• EXERCISE AIM: The data below should be printed in full, exactly, and without any of its images.

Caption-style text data
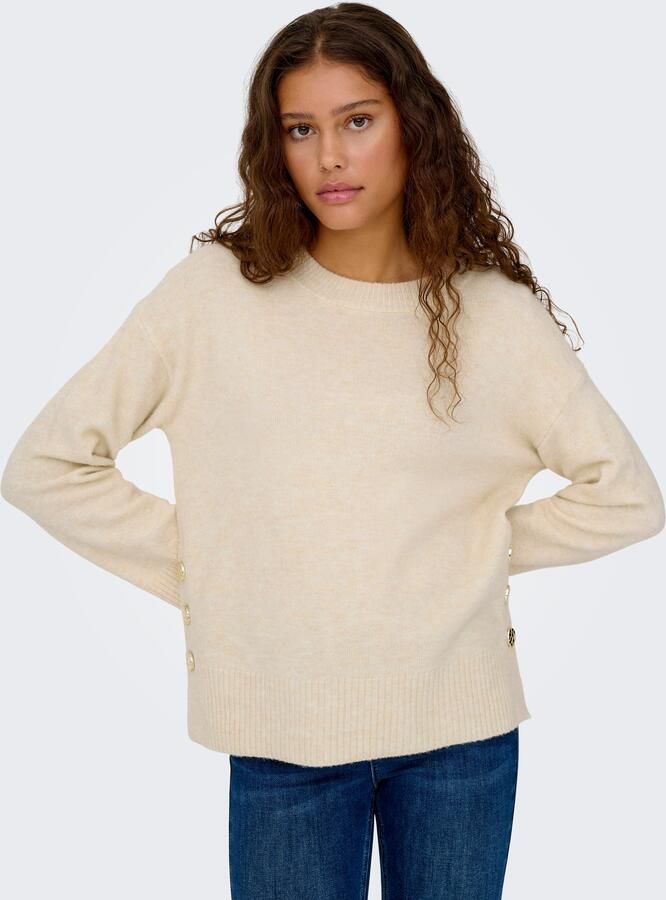 Only Gebreide trui ONLRENE LIFE LS BUTTON O-NECK CC KNT - Foto 5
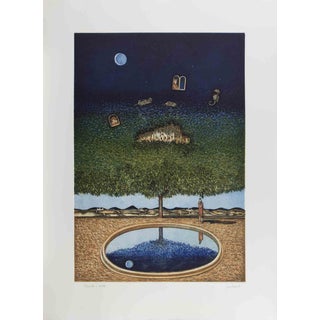 Franco Fortunato, Dreamlike Landscape with Tree, Moon, Lithograph, 1990s For Sale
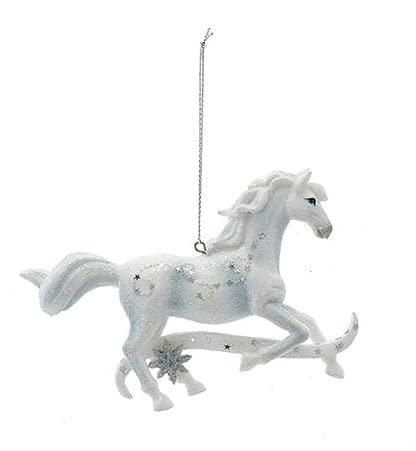 Silver and White Horse Ornament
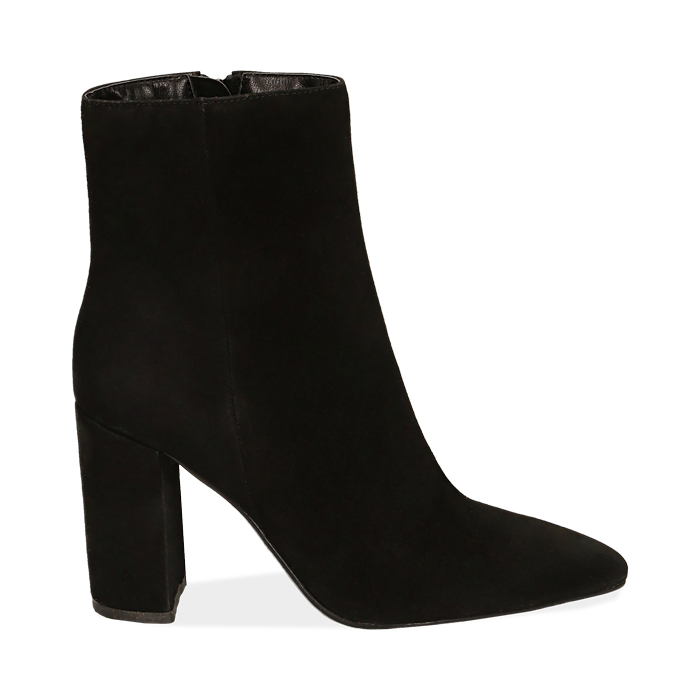 Ankle boots neri in camoscio, tacco 9 cm 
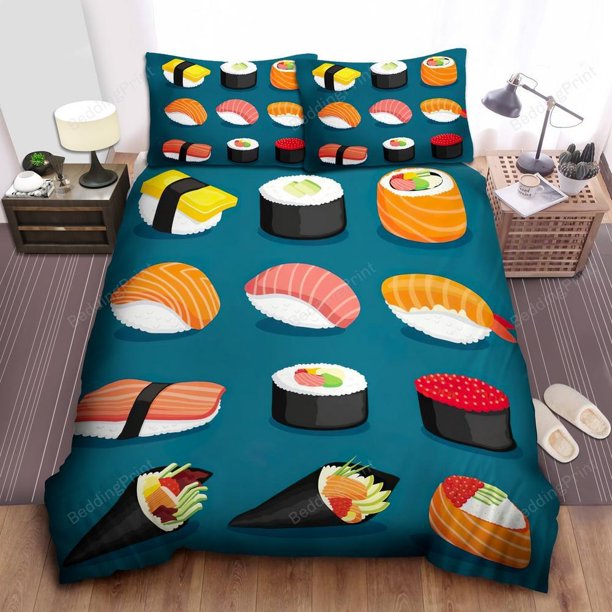 Sushi Digital Art On Dark Blue Quilt Duvet Cover Set Pillowcase Super 3-Piece Bedding Set
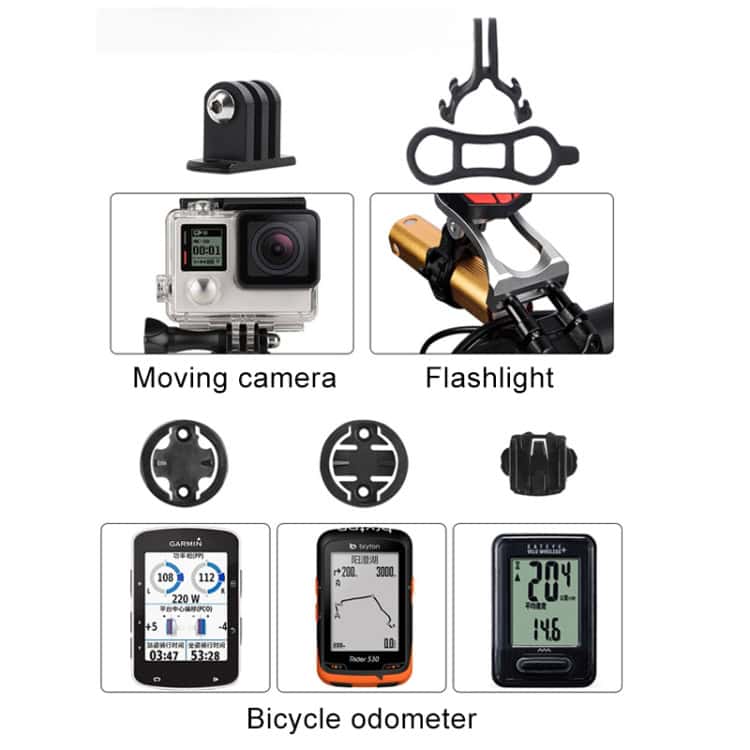 Mountain Bike Seat Extension Bracket Light Stand - Bike Code Table Essential 4 Wireless Action Camera With Waterproof Case And Mounting Accessories For Outdoor Sports And Adventure Filming.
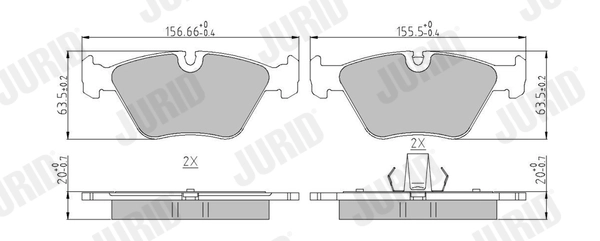 Kit de plaquettes de frein, frein à disque JURID 573185J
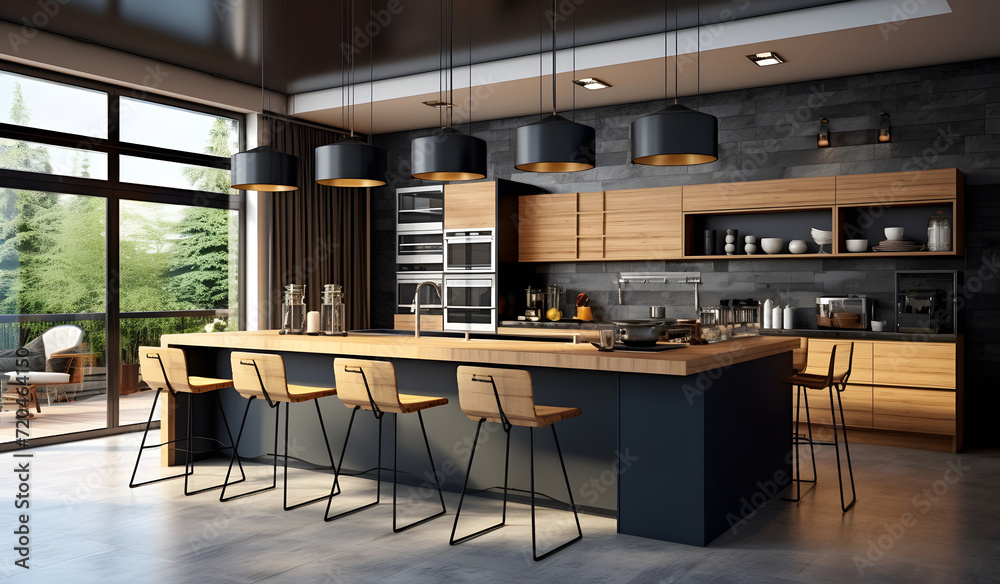 modern kitchen with wood bar island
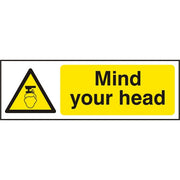 Bsafe Mind Your Head Sign White/Yellow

• COMPLETED TASK:
 Only Gebreide trui ONLRENE LIFE LS BUTTON O-NECK CC KNT - Foto 5
 Franco Fortunato, Dreamlike Landscape with Tree, Moon, Lithograph, 1990s For Sale
 Silver and White Horse Ornament
 Ankle boots neri in camoscio, tacco 9 cm 
 Sushi Digital Art On Dark Blue Quilt Duvet Cover Set Pillowcase Super 3-Piece Bedding Set
 Mountain Bike Seat Extension Bracket Light Stand - Bike Code Table Essential 4 Wireless Action Camera With Waterproof Case And Mounting Accessories For Outdoor Sports And Adventure Filming.
 Kit de plaquettes de frein, frein à disque JURID 573185J
 modern kitchen with wood bar island
 Bsafe Mind Your Head Sign White/Yellow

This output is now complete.